Por Ramiro Rivas
Miguel de Loyola, con este nuevo libro, Cuentos Interprovinciales, de novedoso título, vuelve a demostrar una vieja fijación por los temas rurales. Al igual que sus obras anteriores, Cuentos del Maule y Esa vieja nostalgia, su temática y sus personajes los sitúa en esa región geográfica.
Son cuentos breves, de anécdotas sencillas, escritos con una prosa transparente y clara que se adecúa a la objetividad expositiva, a un efectivo poder de visualización que revela sin apostrofar al lector, sin exigirle mayores esfuerzos de deducción. Se podría conjeturar que esta nueva obra es la concreción de una trilogía, en donde los textos no se apartan de una zona específica claramente demarcada, así como los personajes, seres anónimos y carentes de ambiciones, sobreviven en faenas menores y tradicionales del campo o en perdidos pueblos del sur del país. No obstante, estos mismos elementos mediadores, logran adquirir una suerte de funcionalidad significante.
Las trece narraciones que componen este libro, de una u otra manera, establecen vinculaciones constantes con el pasado, en distintos niveles y planos memoriosos, que van desde los recuerdos de infancia en el pueblo de San Clemente, localizado cerca de Talca, a la mirada y comprensión desamparada del adulto que observa con nostalgia el avance de la modernidad y el fin de las tradiciones. Pareciera que el autor, al redactar estos textos, estuviera de acuerdo con esa formulación que algunos críticos proclaman: el agotamiento de las retóricas. Casi como una forma de retornar a la claridad expresiva, alejarse de esa literatura barroca y conceptista, concentrarse en una realidad menos mediatizada por las corrientes escriturales extranjerizantes. Volver a lo simple, a los personajes comunes. A esos hombres entrevistos como símbolos de un pasado ya extinto o a punto de desaparecer. Seres arraigados a la tierra, estupefactos ante el avance de las nuevas carreteras interurbanas que dejan en el olvido los viejos caminos de tierra y ripio. Todo un mundo en perpetuo cambio y que el autor retrata con lúcida perseverancia y una incontrovertible añoranza. No hay vuelta atrás, parecieran pensar estos protagonistas sumidos en un medio coercitivo y pesaroso.

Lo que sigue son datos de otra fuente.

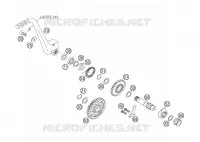 KICK pour KTM 250 XC-F de 2008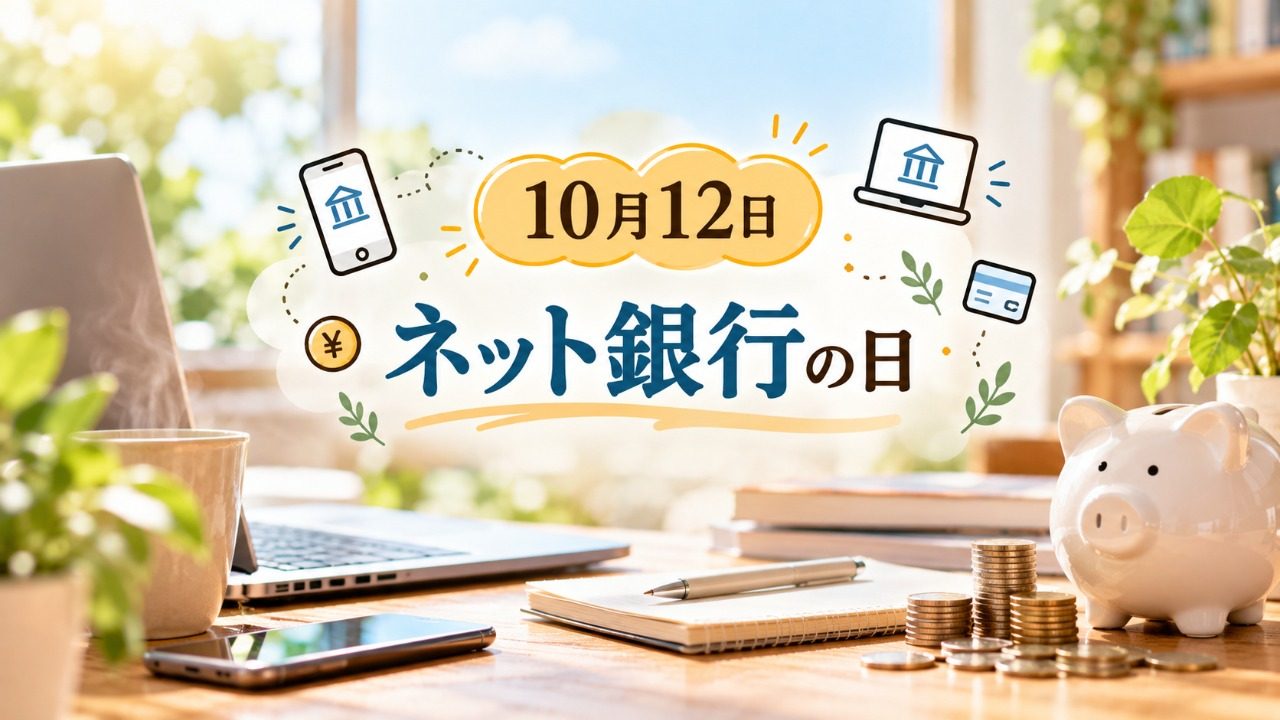 10月12日・ネット銀行の日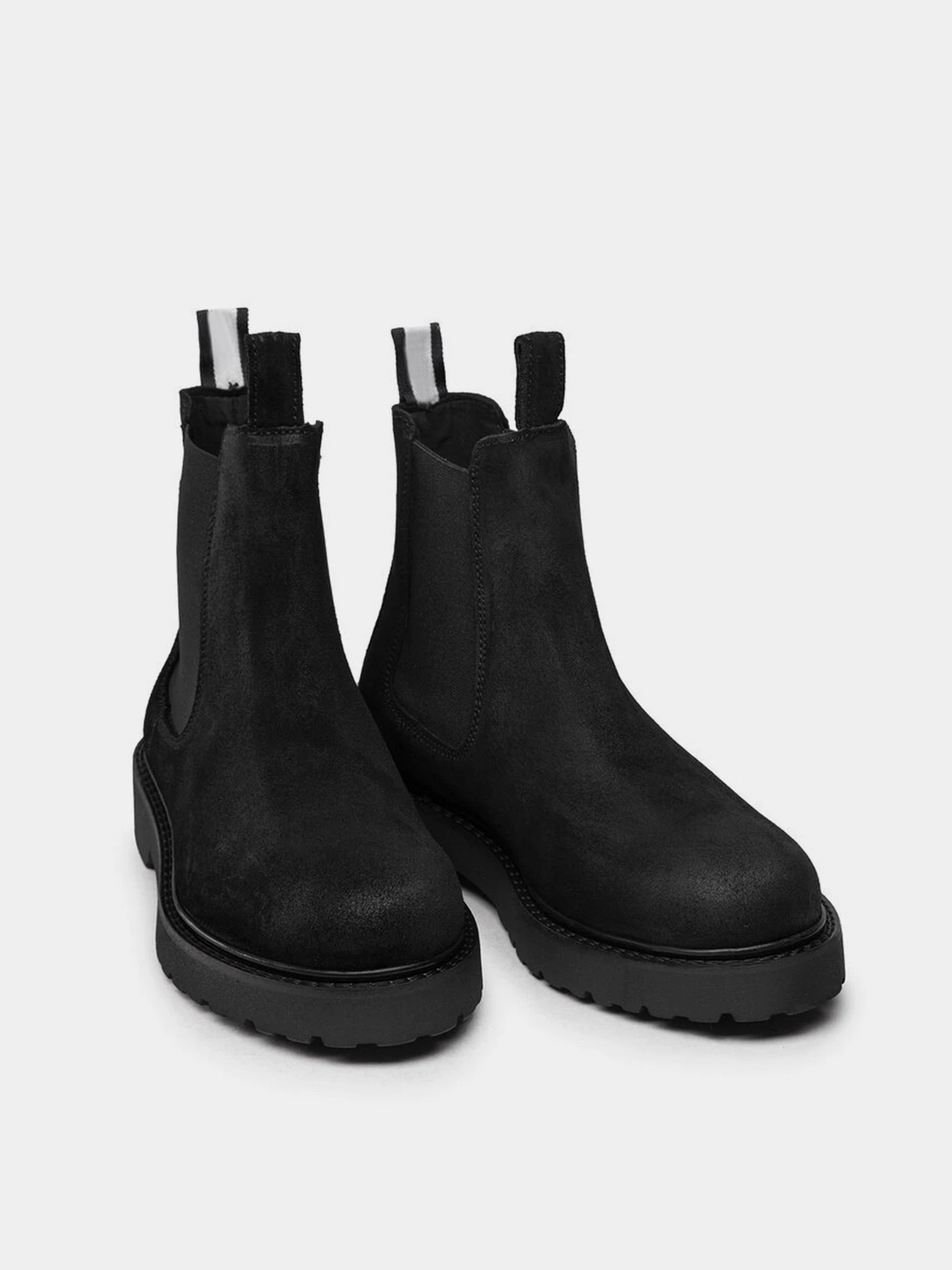 Ботинки и сапоги Tommy Hilfiger модель EM0EM00829-BDS Ботинки и сапоги Tommy Hilfiger модель EM0EM00829-BDS Фото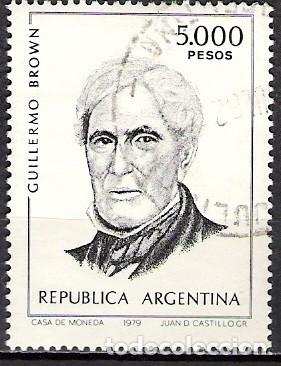 Sellos: ARGENTINA 1980 - USADO - Foto 1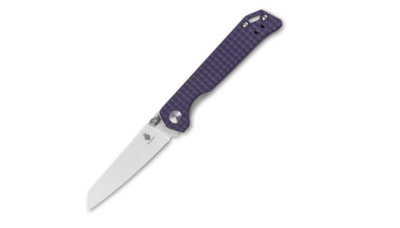 Kizer V3458RN6 Begleiter Mini Purple vreckový nôž 7,3 cm, fialová, G10
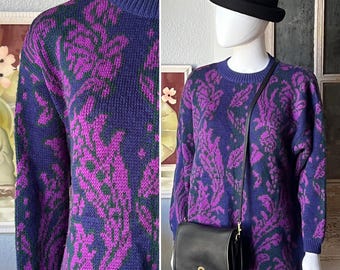 1980’s Vintage United Colors of Benetton Sweater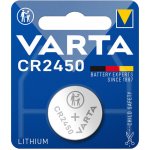 Varta CR2450 1ks 6450101401 – Zbozi.Blesk.cz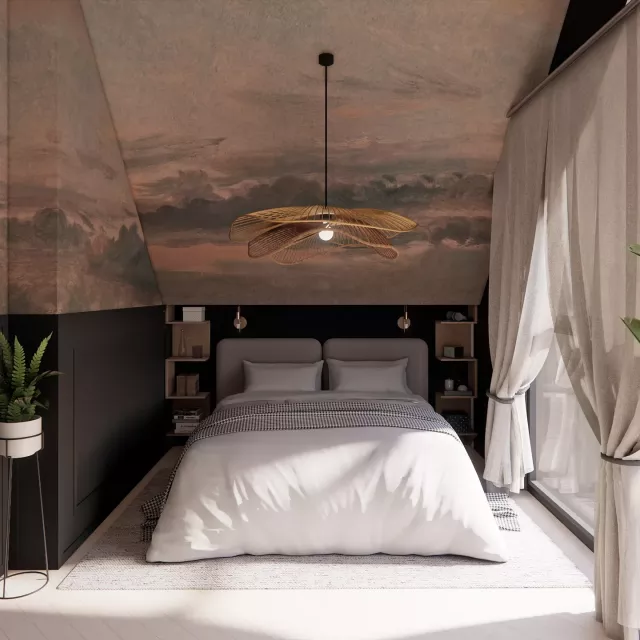 Grafika nr 10 Kompleks zabudowy jednorodzinnej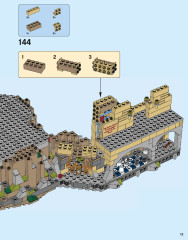 LEGO 71043 instructions page 13 – build guide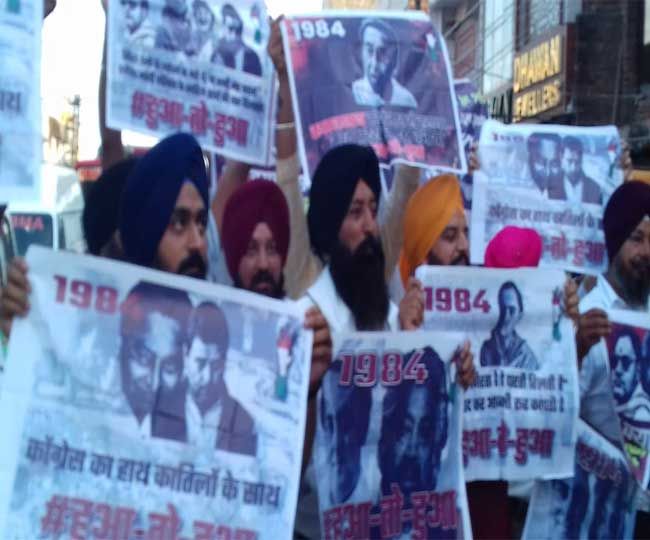 84 के दंगा पीड़तों ने Hua to Hua पर किया ऐसा बवाल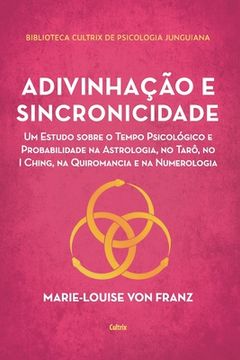 portada Adivinhação e sincronicidade (in Portuguese)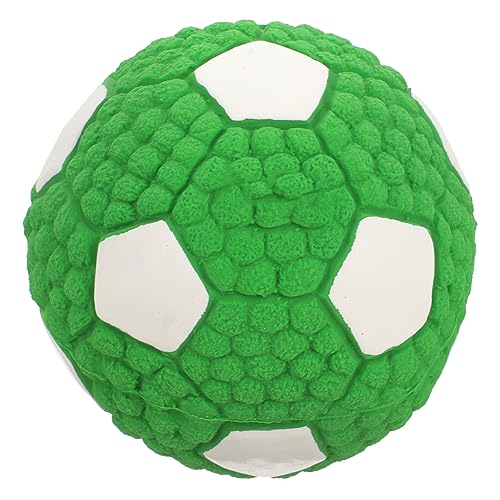 Amosfun Hundespielzeugball Kleines Hundespielzeug Kauball Für Hunde Hundespielzeuggeräusch Hunde Quietschender Ball Kauspielzeug Spielzeug Für Haustiere Gummi Haustierzubehör von Amosfun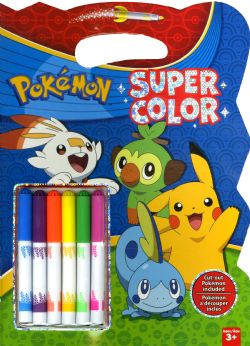 POKEMON -  SUPER COLOR (MULTILINGUAL)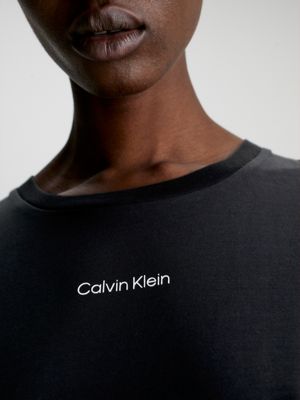 T-shirt con micro logo in cotone da <seo: ProductKeyword/> Calvin Klein®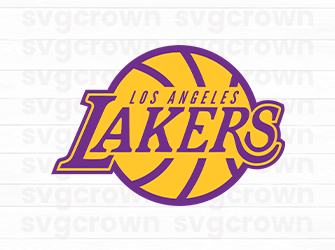 lakers svg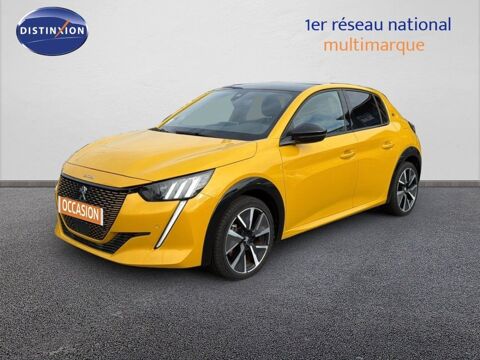 Peugeot 208 ELECTRIQUE 136CH GT LINE 2020 occasion &Eacute;tr&eacute;chy 91580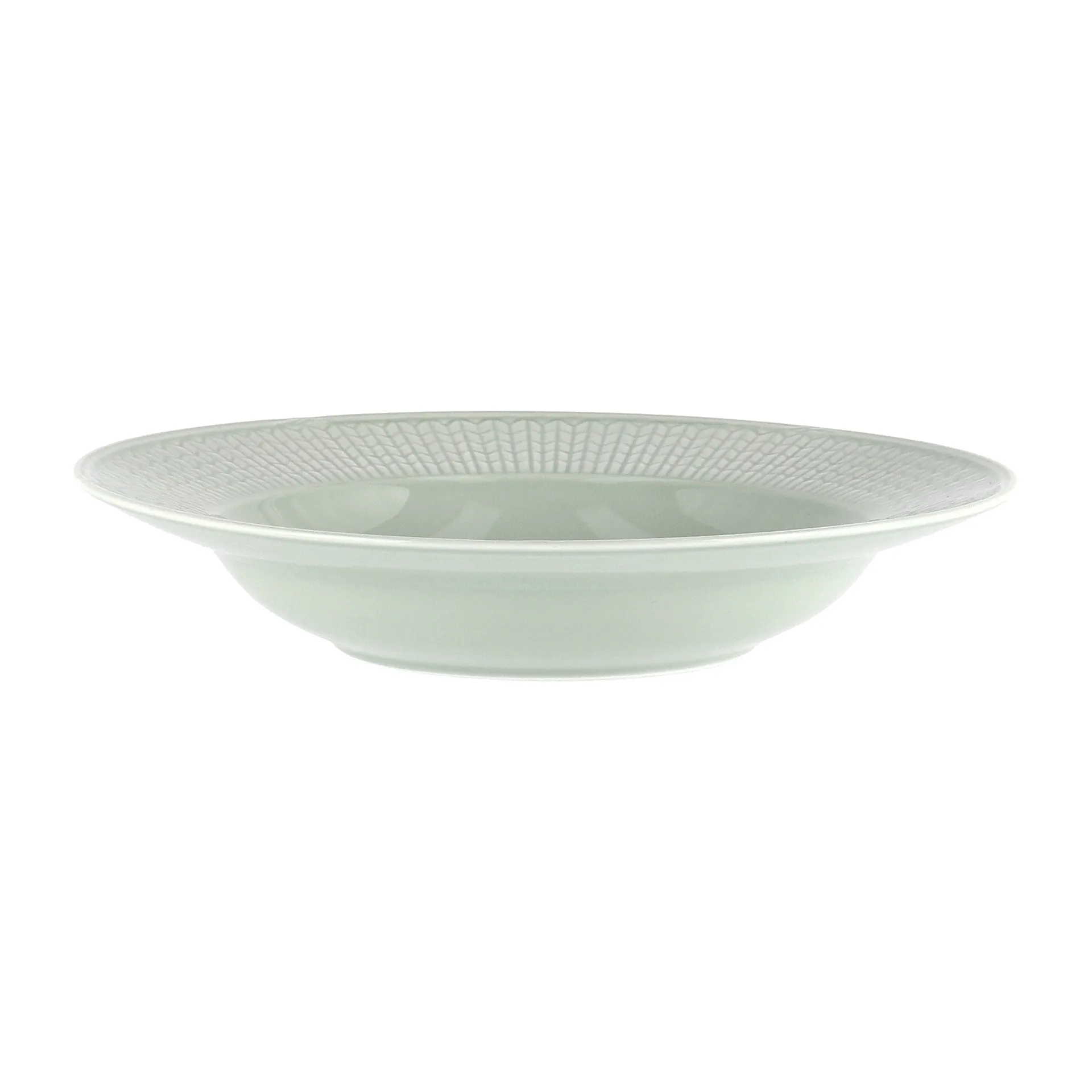 Swedish Grace deep plate Ø25 cm, meadow Rörstrand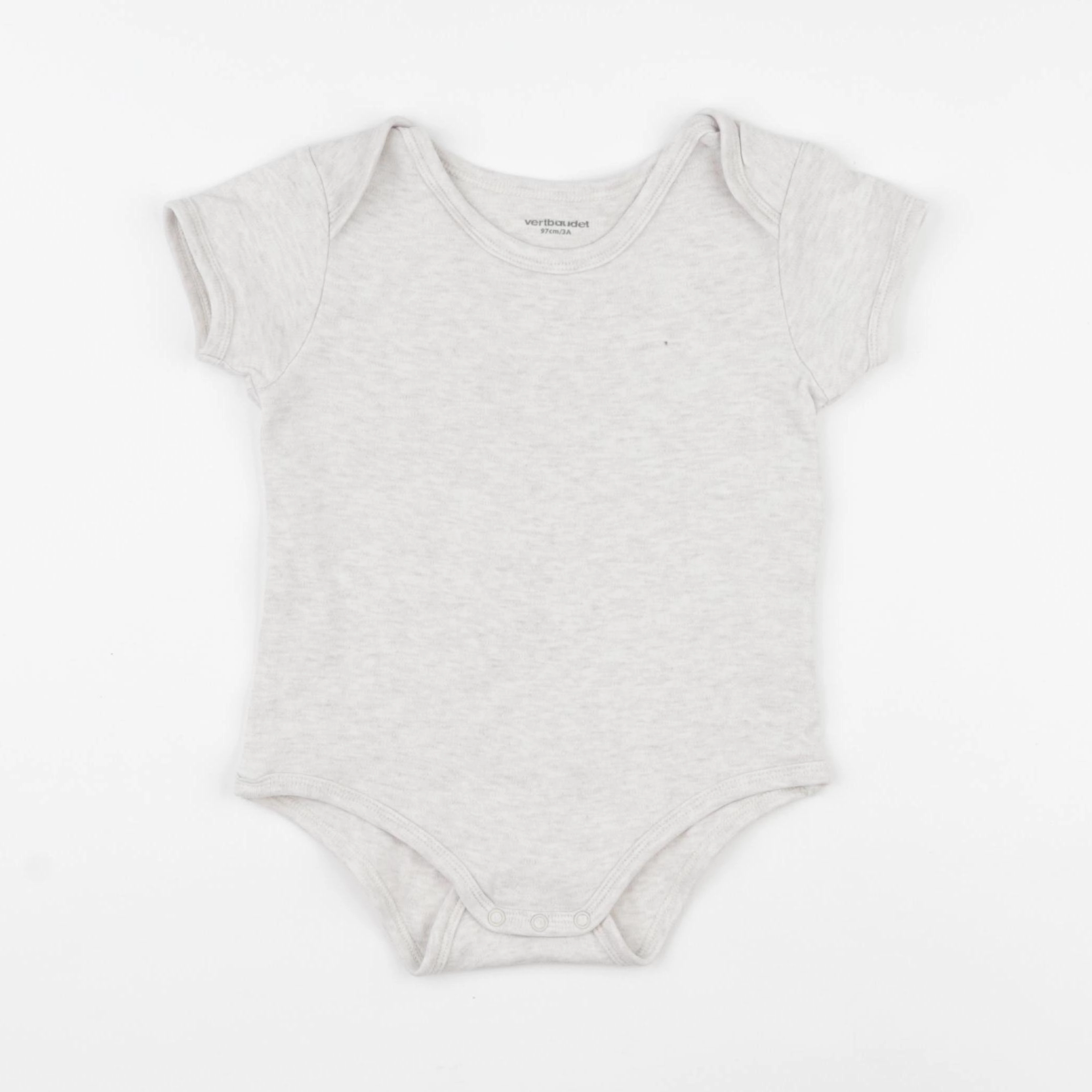Vertbaudet - body beige - 3 ans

El sobrio tratamiento narrativo no decae a lo largo de las diferentes historias elaboradas con claridad, una prosa convincente y no exenta de breves pinceladas poéticas y una profunda humanidad que corporiza a los ignorados actores. Son textos concisos, cual pantallazos de acciones mínimas, retazos de vidas aparentemente intrascendentes, pero vitales y profundas en el instante del recuerdo. No se teoriza sobre las situaciones de estos individuos predispuestos a no dejar rastros de sus existencias.
Todo verdadero artista crea sus propios mitos, leí por ahí, y Miguel de Loyola idealiza esos mitos o esas realidades evanescentes, interpretándolas a su capricho, anhelando arribar a esa realidad impalpable, transfigurando esos fragmentos de sueños y recuerdos extinguidos. Una especie de juego, de encuentro consigo mismo y sus obsesiones, un ajuste de cuentas con su propia memoria.